Florida Senate candidate Mike McCalister, who is running against incumbent Sen. Bill Nelson (D-Fla.), offered a variation of the much-lampooned line during a speech before the Palms West Republican Club earlier this week.

“I get asked sometimes where do I stand on the Second and 10th Amendment, and I have a little saying,” he declared. “We need a sign at every harbor, every airport and every road entering our state: ‘You’re entering a 10th Amendment-owned and -operated state, and justice will be served with the Second Amendment.’” [Emphasis added.]

These kinds of threats by the GOP against other legislators and even the president have gone unpunished by the leadership of the party. Not a word has come from either House Speaker Paul Ryan or Senate Majority Leader Mitch McConnell decrying these statements, and the hyperbole and threats have only continued. Recently, for example, former Illinois GOP Congressman Joe Walsh tweeted and then deleted this threat to the president after the killing of five police officers in Dallas, Texas:

“3 Dallas cops killed, 7 wounded,” former congressman Joe Walsh, an Illinois Republican, wrote just before midnight in a tweet that is no longer on his profile. “This is now war. Watch out Obama. Watch out black lives matter punks. Real America is coming after you.”

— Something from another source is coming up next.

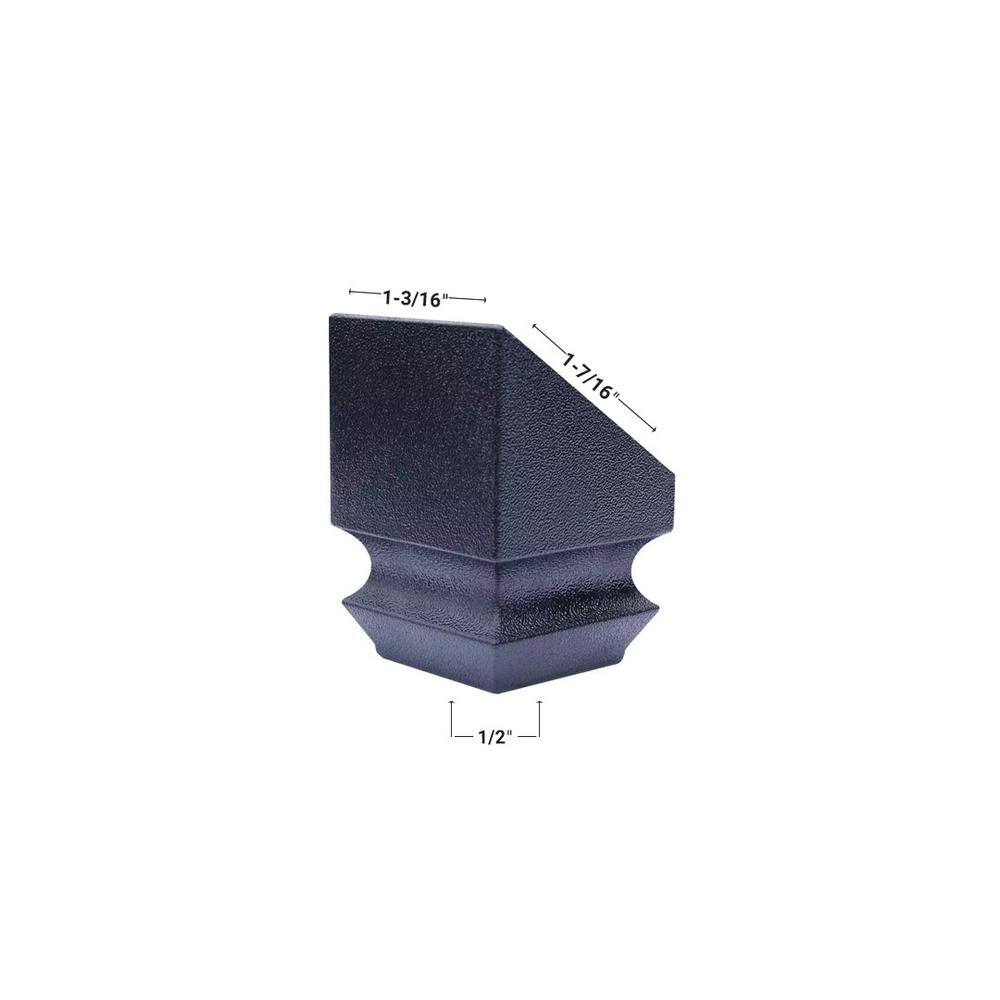 EVERMARK Stair Parts 12 in. Matte Black Slip N Grip Angle Shoe I810B-127-HDSNG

Even after the outcry over his recent remarks, Trump has escalated the rhetoric against both President Obama and against Clinton, calling them the “founders of ISIS.” And again no word from the GOP leadership.
This rhetoric is part of a pattern used by the right wing within and outside elections. Anti-choice groups, for example, consistently misrepresent reproductive health care writ large, and abortion specifically. They “target” providers with public lists of names, addresses, and other personal information. They lie, intimidate, and make efforts to both vilify and stigmatize doctors. When this leads to violence, as David Cohen wrote in Rolling Stone this week, the anti-choice groups—and their GOP supporters—shrug off any responsibility.

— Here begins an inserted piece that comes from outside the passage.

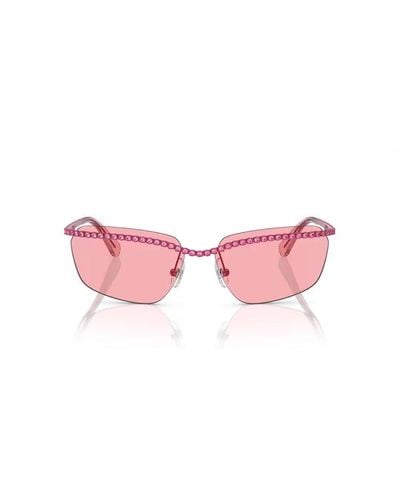 Swarovski Studded Rectangular Frame Sunglasses - Pink
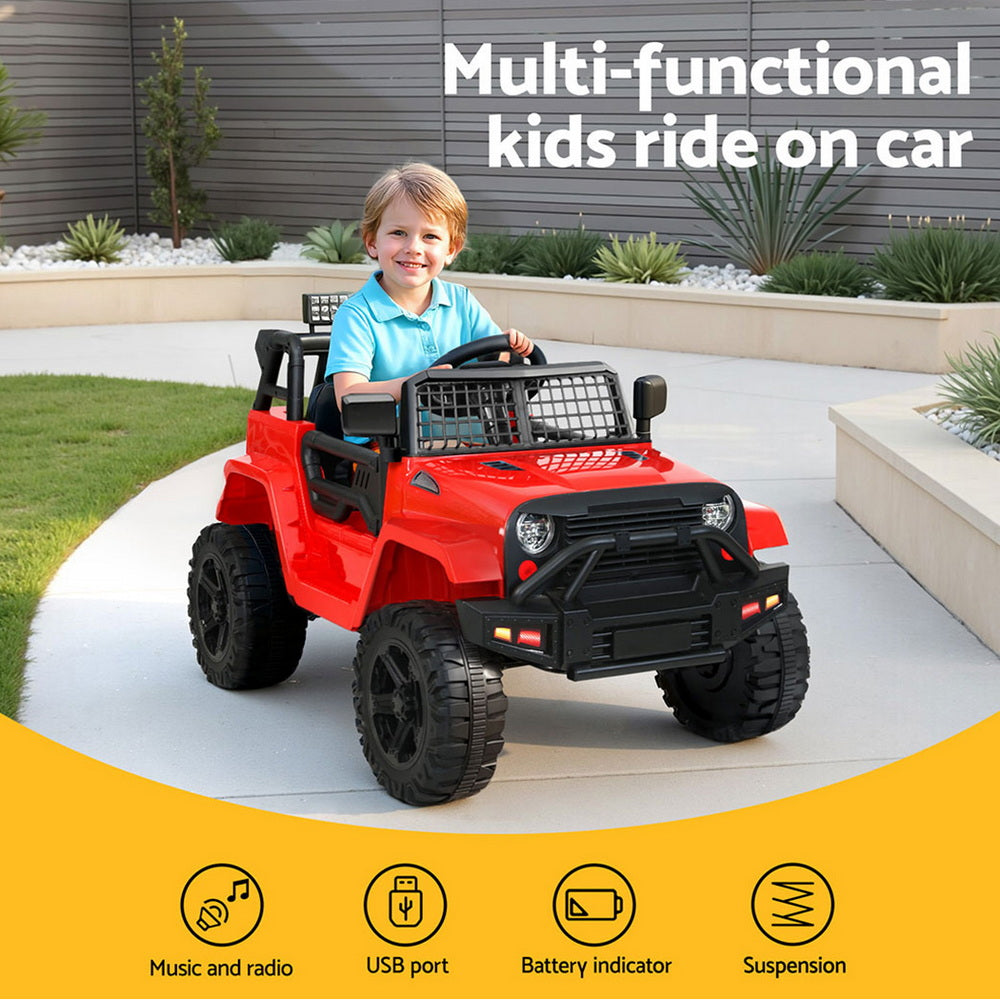 Rigo Kids Electric Ride On Car Jeep Toy Cars Remote 12V Red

Some gun rights groups also use this tactic of intimidation and targeting to silence critique. In 2011, for example, 40 men armed with semi-automatic weapons and other guns surrounded a restaurant in Arlington, Texas, in which a mothers’ group had gathered to discuss gun regulations. “Second Amendment people” have spit upon women arguing for gun regulation and threatened them with rape. In one case, a member of these groups waited in the dark at the home of an advocate and then sought to intimidate her as she approached in her wheelchair.
The growing resort to violence and intimidation in our country is a product of an environment in which leading politicians not only look the other way as their constituents and affiliated groups use such tactics to press a political point, but in which the leaders themselves are complicit.
These are dangerous games being played by a major political party in its own quest for power. Whether or not Donald Trump is the most recent and most bombastic evidence of what has become of the GOP, it is the leadership and the elected officials of the party who are condoning and perpetuating an environment in which insinuations of violence will increasingly lead to acts of violence. The more that the right uses and suggests violence as a method of capturing, consolidating, and holding power, the more they become like the very terrorists they claim to be against.